A base np.ndarray is returned, even if the input is a subclass.
import numpy as np
class MyArray(np.ndarray):
pass # Just a subclass for demonstration
# Create an instance of MyArray
my_array = np.array([[1, 2, 3], [4, 5, 6]]).view(MyArray)
print("Original type:", type(my_array)) # Output: <class '__main__.MyArray'>
# Using np.array with subok=False
result_subok_false = np.array(my_array, subok=False)
print("With subok=False:", type(result_subok_false)) # Output: <class 'numpy.ndarray'>
If you pass an instance of a subclass of np.ndarray directly, you can control whether the subclass is preserved
import numpy as np
class MyArray(np.ndarray):
pass # Just a subclass for demonstration
# Create an instance of MyArray
my_array = np.array([[1, 2, 3], [4, 5, 6]]).view(MyArray)
print("Original type:", type(my_array)) # Output: <class '__main__.MyArray'>
# Using np.array with subok=True
result_subok_true = np.array(my_array, subok=True)
print("With subok=True:", type(result_subok_true)) # Output: <class '__main__.MyArray'>
In NumPy, the .view() method creates a new "view" of an existing array with a different data type or subclass without copying the data.
This means the new array points to the same data as the original array but can be accessed or interpreted differently.
Ensures that the created array has at least a specified number of dimensions. If the input does not meet the minimum number of dimensions, it will be automatically padded with extra dimensions (of size 1) at the beginning to meet the requirement.
import numpy as np
# A 1D array
arr_1d = np.array([1, 2, 3])
print("Original array:", arr_1d) # Output: [1 2 3]
print("Original array dimensions:", arr_1d.ndim) # Output: 1
# Using ndmin=2 to make sure the array has at least 2 dimensions
arr_2d = np.array([1, 2, 3], ndmin=2)
print("
Array with ndmin=2:", arr_2d) # Output: [[1 2 3]]
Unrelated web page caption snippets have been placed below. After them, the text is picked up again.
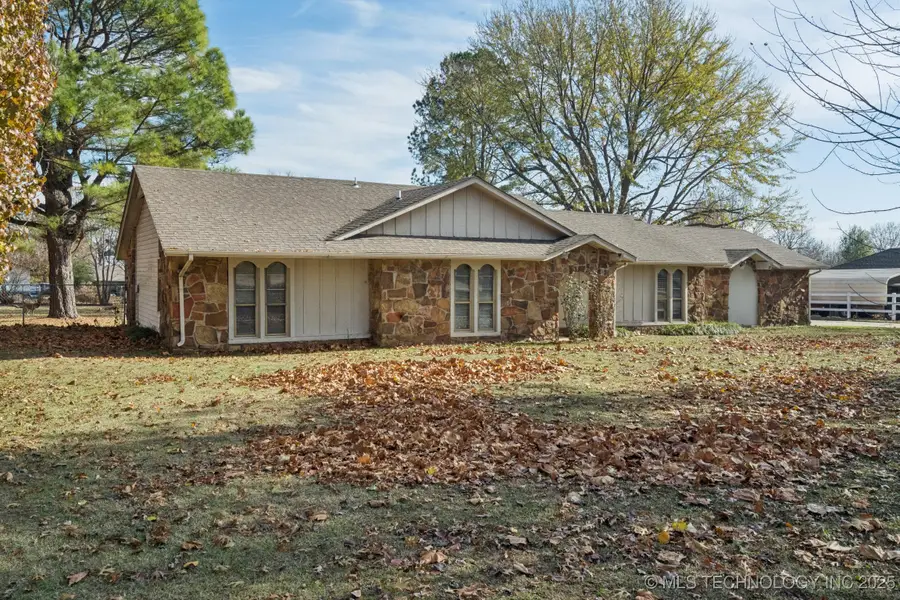9319 S Highland Drive, Broken Arrow, OK 74014 - Image #2
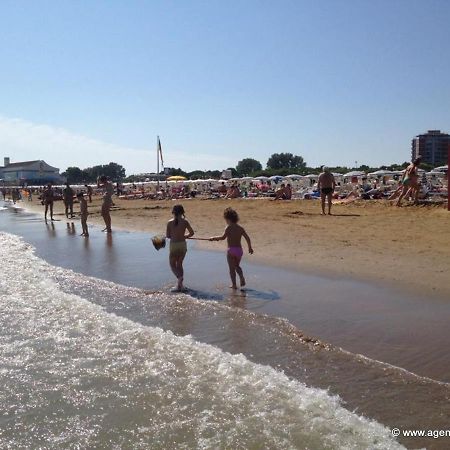 Apartamento Lignano Sabbiadoro With Pool Exterior foto
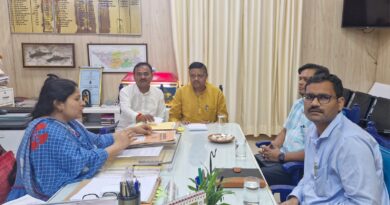 कटरा बाजार क्षेत्र में विद्युत व्यवस्था को सही कराने को लेकर मा० विधायक कटरा बाजार, जिलाधिकारी तथा विद्युत विभाग के अधिकारियों के साथ हुई बैठक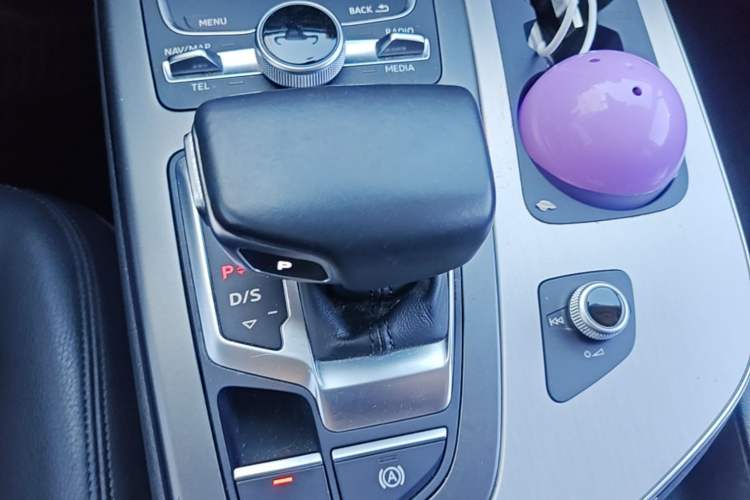 Used Audi Q7 2018 40 TFSI Comfort Model Gear Lever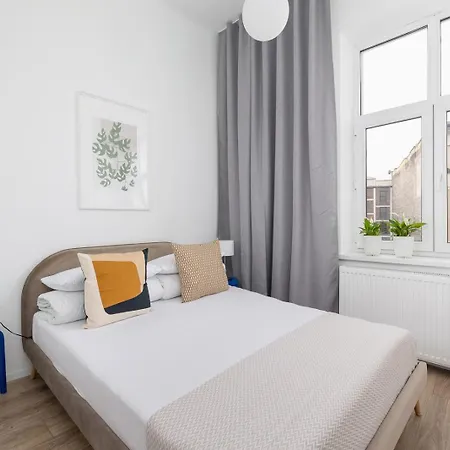 2-Bedroom Apartment - Długa 65 Street Appartement
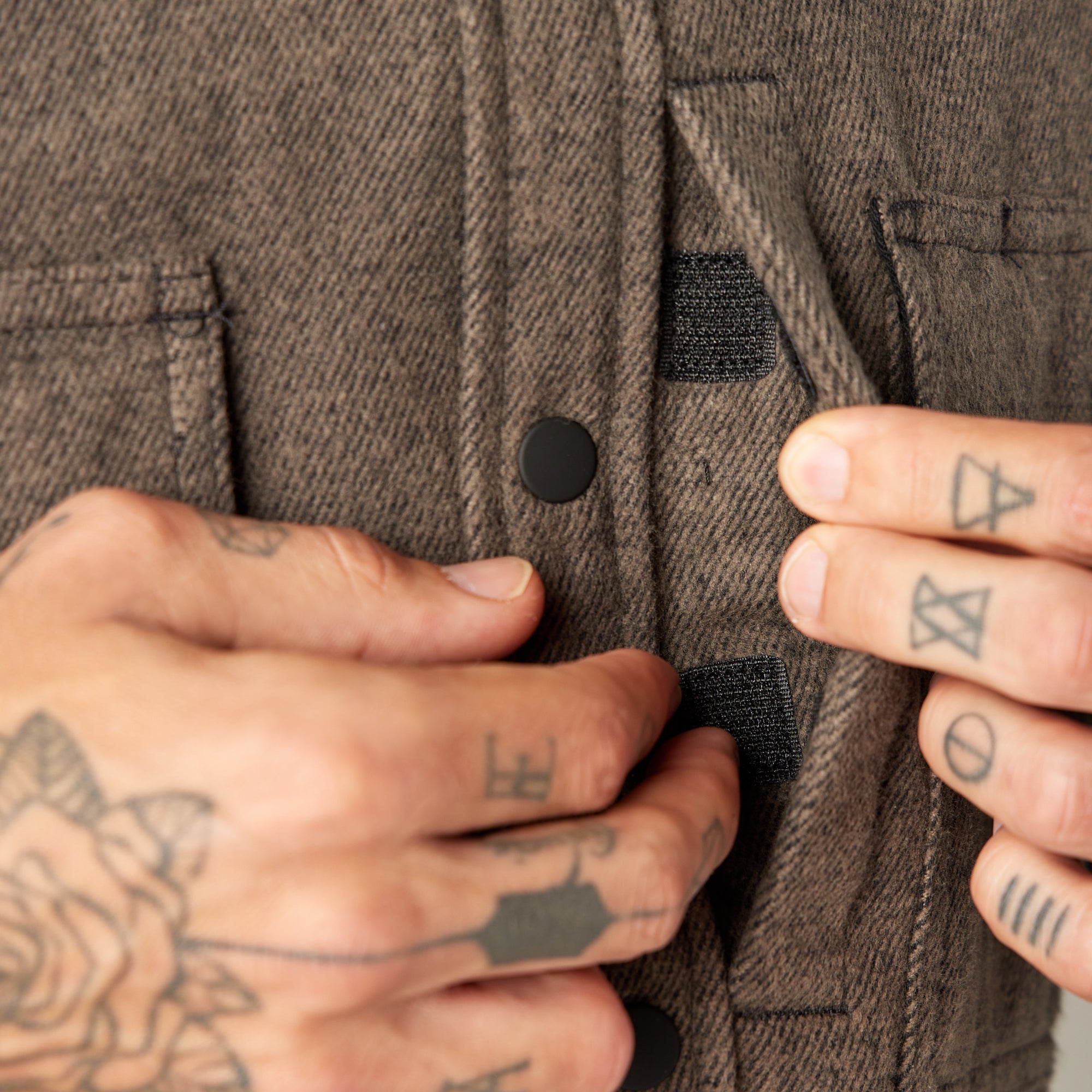Heavyweight Brawny Flannel Shirt - Image 9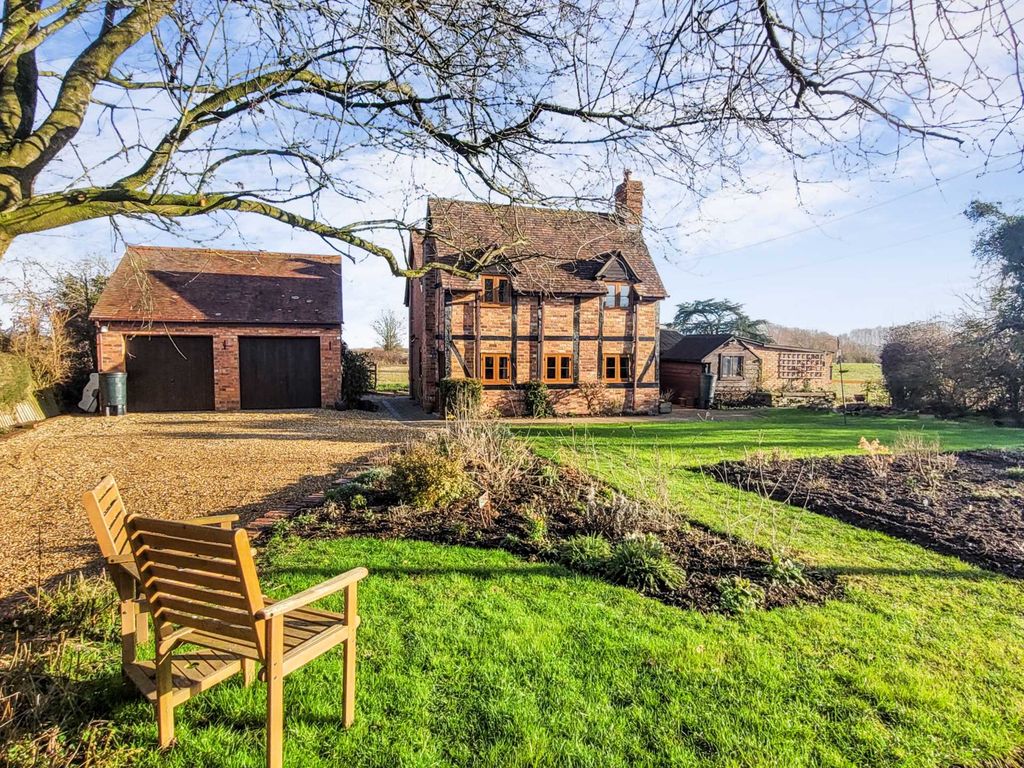 3 bed detached house for sale in Hasfield, Gloucestershire GL19 Zoopla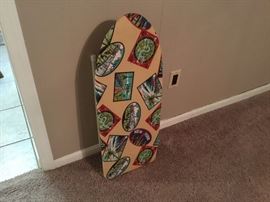 Portable ironing board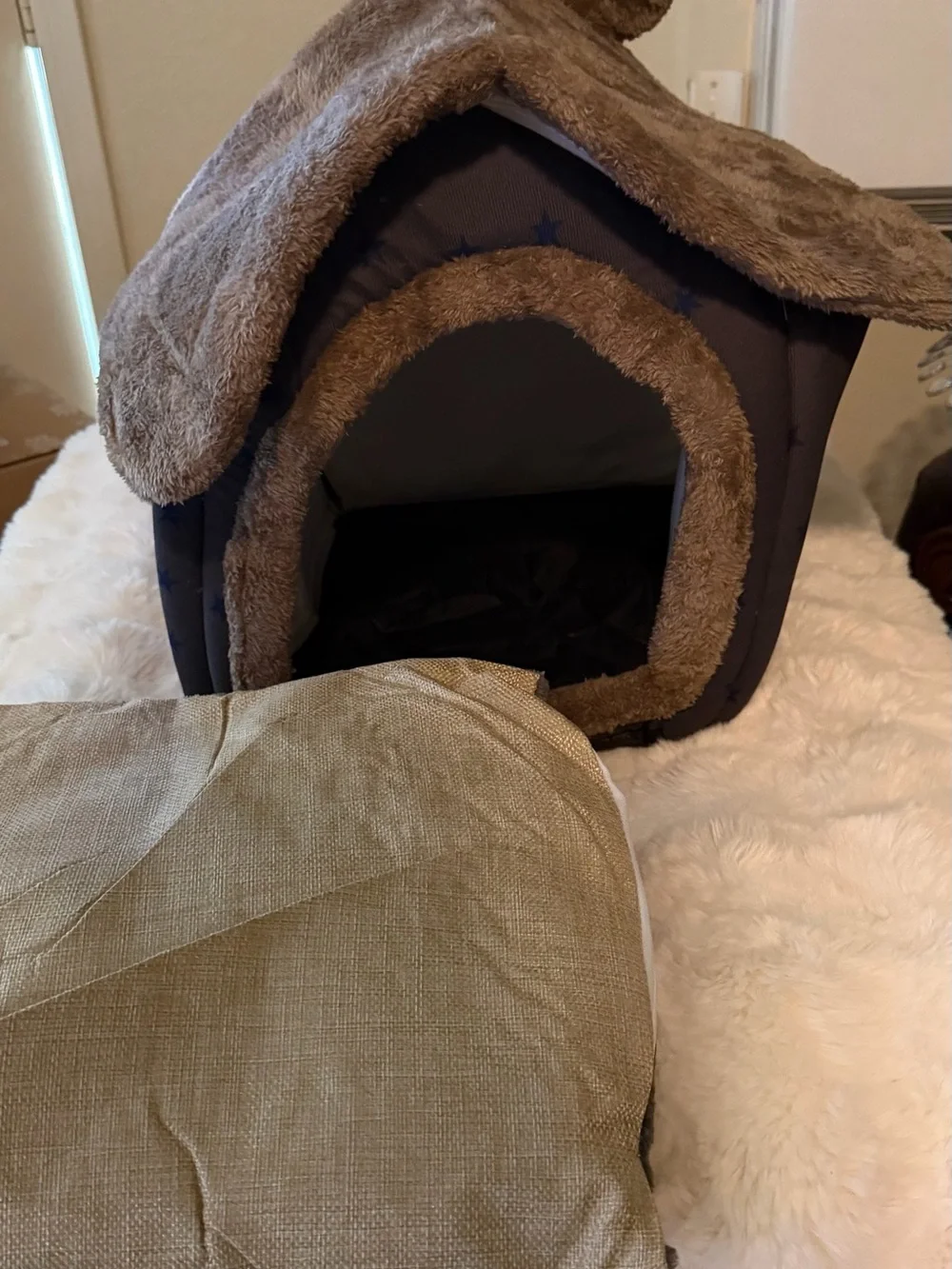 New Cozy cat Indoor Hideaway house in Brown and Gray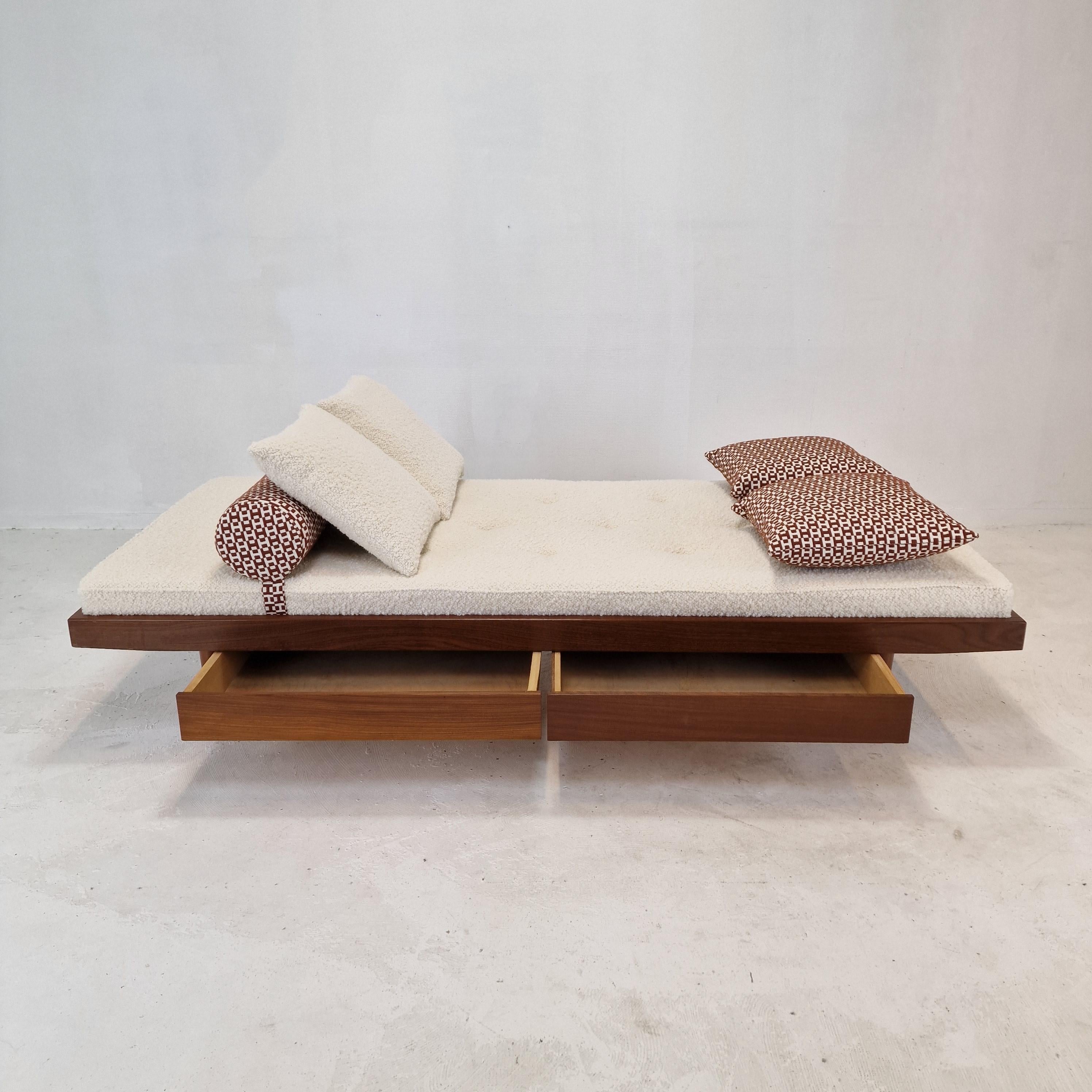 Teak Daybed with Hermes Cushions and Bolster, 1960s For Sale 4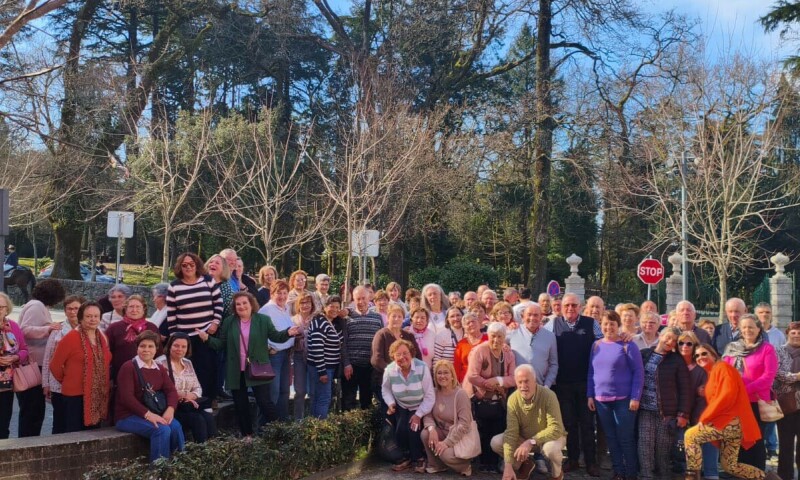 Un total de 86 veciños e veciñas de Frades desfrutan dunha excursión polo norte de Portugal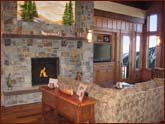 Large family ski home vacation rentals located in the Mammoth Bluffs minutes from Mammoth Mountain Ski Resort...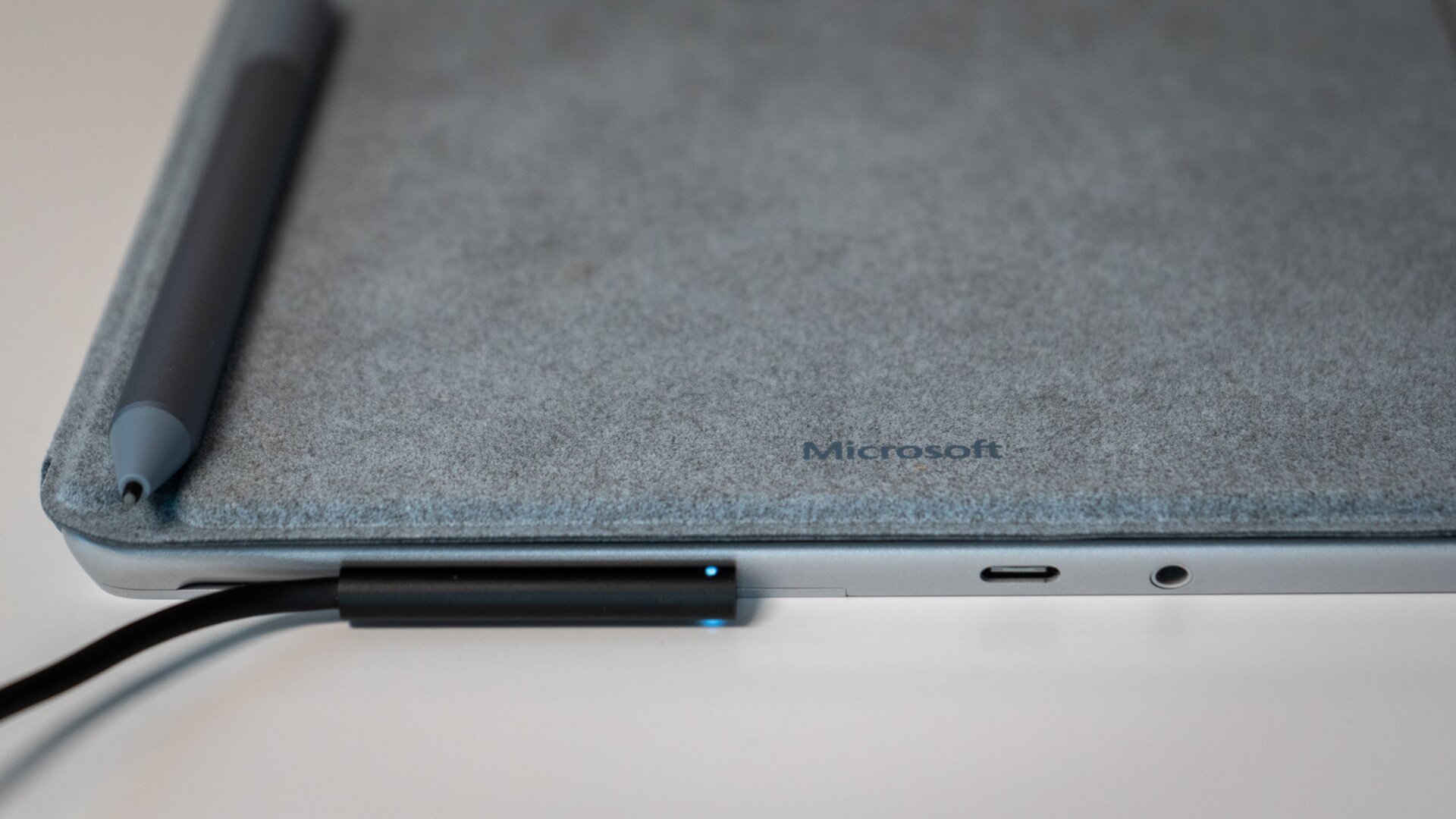 La Surface Go 3 se charge via un adaptateur Surface Connect .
print("Array with ndmin=2 dimensions:", arr_2d.ndim) # Output: 2
# Using ndmin=3 to make sure the array has at least 3 dimensions
arr_3d = np.array([1, 2, 3], ndmin=3)
print("
Array with ndmin=3:", arr_3d) # Output: [[[1 2 3]]]
print("Array with ndmin=3 dimensions:", arr_3d.ndim) # Output: 3
If the actual_dimension > ndmin then the output will have actual_dimension.
The like parameter in np.array() was introduced to make array creation more flexible, particularly for compatibility with libraries that extend NumPy, like Dask, CuPy, or other libraries that create arrays compatible with np.ndarray but optimized for different backends (e.g., parallel processing or GPU-based arrays).